The most appealing hardware structure would be a network cluster
of maybe 10 or more powerful self-contained computers but
with shared memory resources, each dealing
independently with separate aspects of AI. The continuing
massive worldwide investment in operating systems and application
software can be leveraged to become tools, blurring the boundaries
between modalities and consciousness. Such as Windows, Linux,
commercial 3D modelers, OCR and speech recognition software.
But the boundary between man and machine is already getting
very blurred with ubiquitous cell phones providing an almost
telepathic modality; speech control of computers, graphical
interfaces, instant messaging and email etc. To some extent,
most people already spend most of their lives in virtual reality;
they just don't recognize novels, radio, TV, computer games
or software as being virtual environments.
A human without recourse to modality extensions: an auto, cell
phone, internet, print literature, PDA, computer, software
(e.g. spelling and grammar checking etc.), calculator, watch,
fedex account, credit card, 3D printer etc. would be a greatly
diminished soul, and the same goes for AI. The most important
cognitive skill will not be to walk or even talk, but to manage
multiple computer graphical user interfaces.
But how could these advanced technologies begin to be organized
to create intelligence? First, the camera would project its
bitmap data to a memory map, which would be routinely processed
by the instantiation engine to identify known objects and
environments from memory records. A subsequent 3D simulated
environment would be constructed in memory to match the visual
scene and simultaneously rendered back down to a 2D bit map
memory space at the same first person perspective as the camera
input - much like a 3D animation film is rendered to the 2D
screen image. If the camera data flow were interrupted, the
rendered 2D data from simulation would be an accurate mirror
copy of the real scene.
There are three dynamic events that can now occur within the visual
field. An object can change, the perspective can change, or
the whole scene can change. For scene changes, the previously
described process of instantiation and discovery would be
repeated. For perspective changes, motion vectors (as used
in video compression) would be calculated to keep track of
scene perspective. For object animation, the software process
would recognize localized anomalies between the simulated
projection and the vision projection. Then using normal instantiation
techniques focused on the anomaly, the object in simulation
would be oriented until the 2D rendered projection and the
input vision were once again in alignment.
The memory management software would need to maintain an associative
database linking all objects, environments, behaviors and
scripts. Together with growing lists of knowledge about these
models, such as: language tags, price, legal status, disposal,
source, manufacture, flammability, safety, uses, weight, dangers,
precautions, social status, classes, trends, history, composition,
aging properties, storage, popularity, component parts, assembly,
regulatory compliance, standards, size, growth time, environmental
impact etc.
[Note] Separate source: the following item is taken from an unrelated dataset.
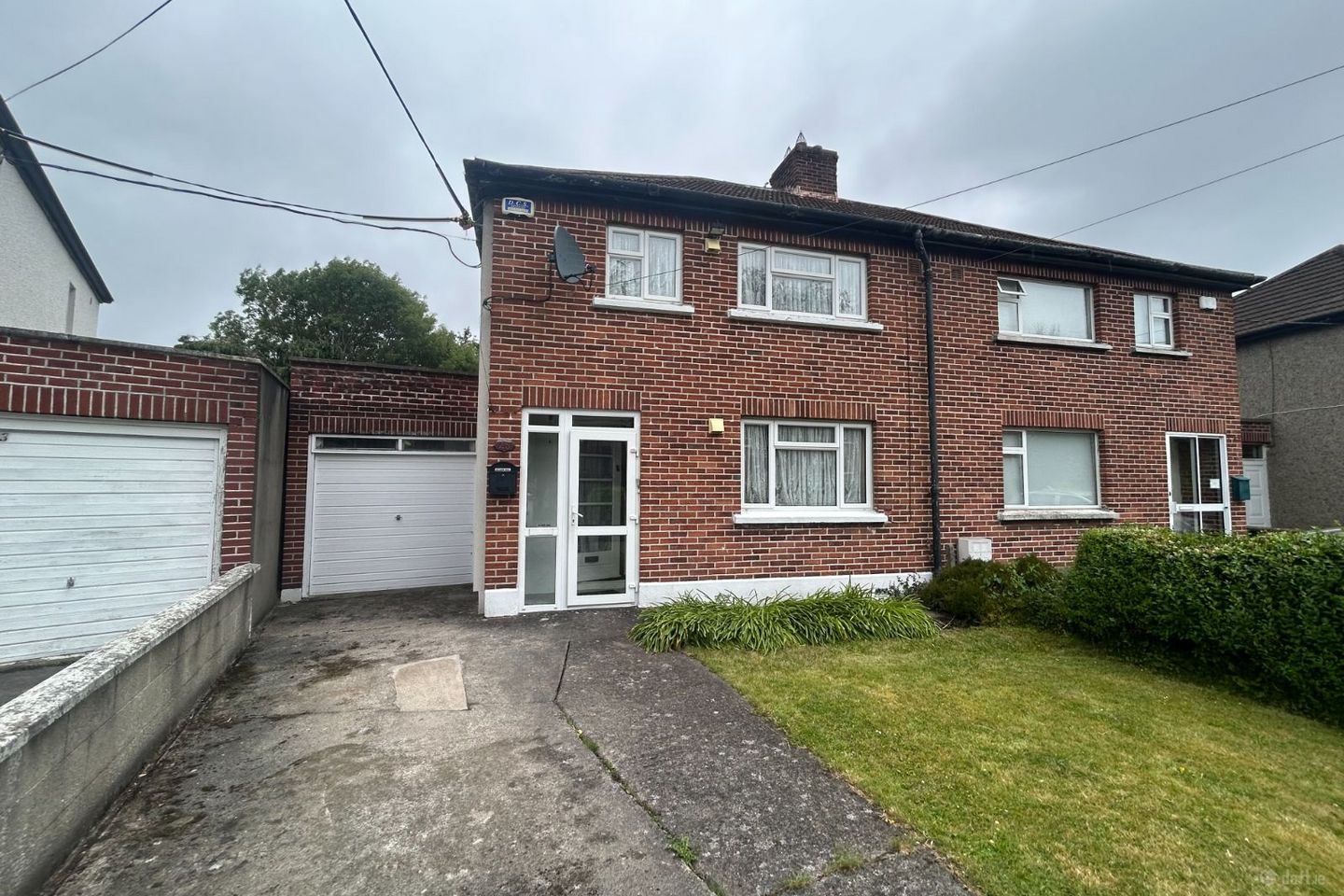 25 Hazelbrook Drive, Dublin 6w, Kimmage, Dublin 6W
Object behaviors would be characterized and stored
based on:
- Motion vectors over time. So a feather would tumble through air differently to how a balloon floats or an insect darts - stored as positional and temporal data sets.
- Shape variation or morphing over time - butterfly, bouncing ball, coiled spring etc.
- Reaction to stimuli (touch, drop, cut etc)
The overall environment map would need to hold concepts ranging
from the universe, through planets, countries, cities, neighborhoods,
homes and factories, to materials, chemicals, molecules and
atoms. At any point in the simulation, a relationship would
exist to this universal map. Which specific country, town
and room? Or if generic, it would still need a generic history
with the potential to be 'fixed' by subsequent facts. The
depth and accuracy of this virtual world will largely determine
the bounds and precision of thought for the artificial intelligence.
All objects blend together in an overall environment map, which
fits within a wider contextual world map. Physics rules (gravity,
hardness, weight, momentum, heat, speed of light etc.) guide
behavior and interactions between objects. (Cloth against
solids, light through glass etc.) Much of this is already
well advanced in commercial 3D software packages. The overall
resolution and speed is dependent simply on processing power
and memory resources. The software must subsequently recognize
any bitmap changes as object behavior animation or changes
to perspective and re-calculate to keep the simulation bound
to the vision input.
The input video stream drives the construction of the virtual scripts.
If novel, those scripts might be the basis of new memory formation.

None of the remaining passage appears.